Ciri lui fit signe de le suivre. Lorsqu'ils sortirent de la maison et furent hors de portée des oreilles de la magicienne et sa nouvelle coqueluche, elle lui confia :

— On va trouver mon père.

— Mais pourquoi tu… Ah !

— Oui.

Les deux se comprenaient assez pour que les onomatopées soient synonymes de phrases sensées.
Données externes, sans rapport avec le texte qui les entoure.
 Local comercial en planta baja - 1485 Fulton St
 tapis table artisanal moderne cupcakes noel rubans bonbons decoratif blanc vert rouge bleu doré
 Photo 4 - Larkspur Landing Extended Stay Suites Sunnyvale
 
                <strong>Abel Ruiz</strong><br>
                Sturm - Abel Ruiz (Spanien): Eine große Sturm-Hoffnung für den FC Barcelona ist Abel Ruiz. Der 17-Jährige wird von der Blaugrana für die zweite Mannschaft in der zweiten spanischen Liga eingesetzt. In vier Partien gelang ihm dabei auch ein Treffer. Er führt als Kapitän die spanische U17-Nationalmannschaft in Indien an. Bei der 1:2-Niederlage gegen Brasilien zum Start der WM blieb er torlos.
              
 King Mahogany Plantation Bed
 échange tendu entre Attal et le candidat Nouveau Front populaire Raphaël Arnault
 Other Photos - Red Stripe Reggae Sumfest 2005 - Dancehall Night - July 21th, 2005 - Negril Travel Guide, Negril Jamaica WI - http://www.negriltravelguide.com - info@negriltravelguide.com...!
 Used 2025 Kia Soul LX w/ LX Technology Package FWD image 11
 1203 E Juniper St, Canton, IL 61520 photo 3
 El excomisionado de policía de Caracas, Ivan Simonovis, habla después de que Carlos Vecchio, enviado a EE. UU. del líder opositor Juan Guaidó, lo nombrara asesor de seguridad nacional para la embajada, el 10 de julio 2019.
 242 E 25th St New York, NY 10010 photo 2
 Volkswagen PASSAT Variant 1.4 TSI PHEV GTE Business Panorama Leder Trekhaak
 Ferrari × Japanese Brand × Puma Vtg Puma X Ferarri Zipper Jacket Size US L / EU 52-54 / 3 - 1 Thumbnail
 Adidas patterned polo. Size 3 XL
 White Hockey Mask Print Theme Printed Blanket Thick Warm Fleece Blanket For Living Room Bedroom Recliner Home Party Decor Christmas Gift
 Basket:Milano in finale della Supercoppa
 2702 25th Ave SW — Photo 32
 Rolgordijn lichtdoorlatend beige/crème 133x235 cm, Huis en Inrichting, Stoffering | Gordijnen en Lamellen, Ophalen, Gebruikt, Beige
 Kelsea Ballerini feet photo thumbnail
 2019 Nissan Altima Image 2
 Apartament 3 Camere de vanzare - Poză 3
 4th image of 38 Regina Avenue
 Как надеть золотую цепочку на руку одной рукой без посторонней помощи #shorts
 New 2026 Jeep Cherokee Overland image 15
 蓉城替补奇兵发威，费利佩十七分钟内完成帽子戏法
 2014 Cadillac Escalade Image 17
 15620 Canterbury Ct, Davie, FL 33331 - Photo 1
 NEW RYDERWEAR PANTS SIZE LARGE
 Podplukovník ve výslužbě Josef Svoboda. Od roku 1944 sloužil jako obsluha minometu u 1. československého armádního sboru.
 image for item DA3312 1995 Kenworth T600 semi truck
En gros, Svud avait compris que les rapports entre le père de Ciri et sa mère étaient compliqués… Alors ce dernier vit à Toussaint ? Ce doit-être un vigneron ou un chevalier pour aimer une magicienne… Ou alors serait-ce un sorcel…

Le cerveau de Svud se rappela de la ballade du fameux maître barde Jaskier. La ballade parlait de l'amour impossible et pourtant lié par le destin lui-même, l'amour entre une magicienne qui sentait le lilas et la groseille à maquereaux, aux yeux comme des améthystes… et d'un sorceleur légendaire aux cheveux de neige.

L'odeur de Yennefer était trop unique pour qu'il l'oublie. Svud glapit et balbutia :

— Ton père, c'est… c'est Geralt de Riv ?

Ciri grimaça.

— Si seulement c'était aussi facile.

Décidément, le vent avait amené Svud sur un chemin bien tortueux.